- Task item -
Write the listing out again word for word. Pictures do not belong in the copy.

- Provided material -

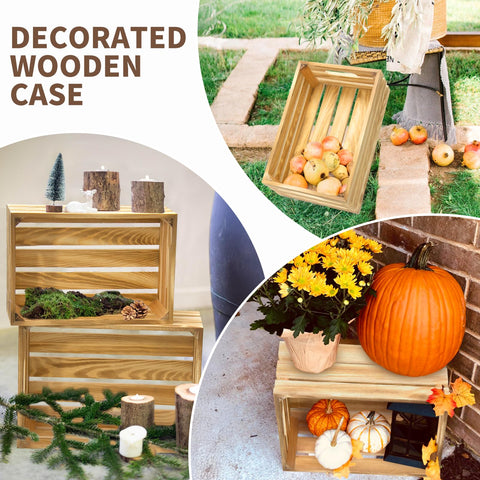 BOY MCOWBOY wood crates for kitchen decor and shelf organization with vintage flair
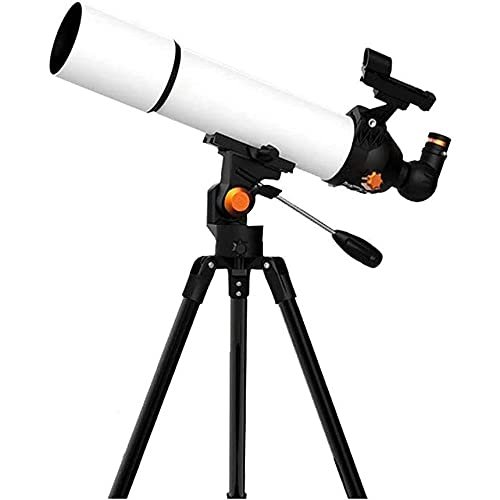 LUYILA Telescope,80mm Aperture 500mm AZ Mount Astronomical Refractor Telescope,with Adjustable Tripod & Finder Scope, Adults & Beginners Portable with Tripod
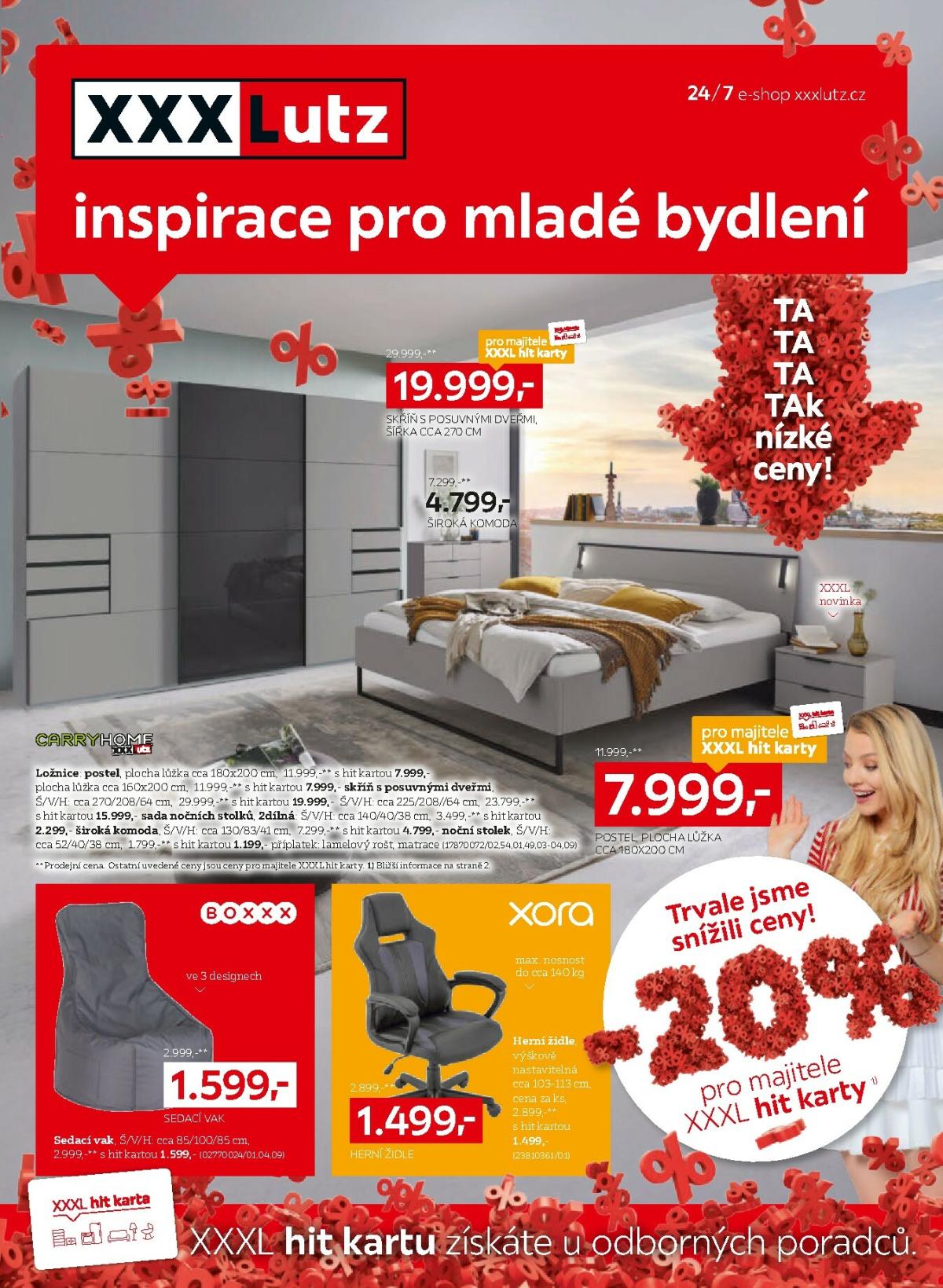 Aktuální leták XXXLutz - Inspirace pro mladé bydlení od 05.01. do 01.02.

- Solved problem -
 BOY MCOWBOY wood crates for kitchen decor and shelf organization with vintage flair
 LUYILA Telescope,80mm Aperture 500mm AZ Mount Astronomical Refractor Telescope,with Adjustable Tripod & Finder Scope, Adults & Beginners Portable with Tripod
 Aktuální leták XXXLutz - Inspirace pro mladé bydlení od 05.01. do 01.02.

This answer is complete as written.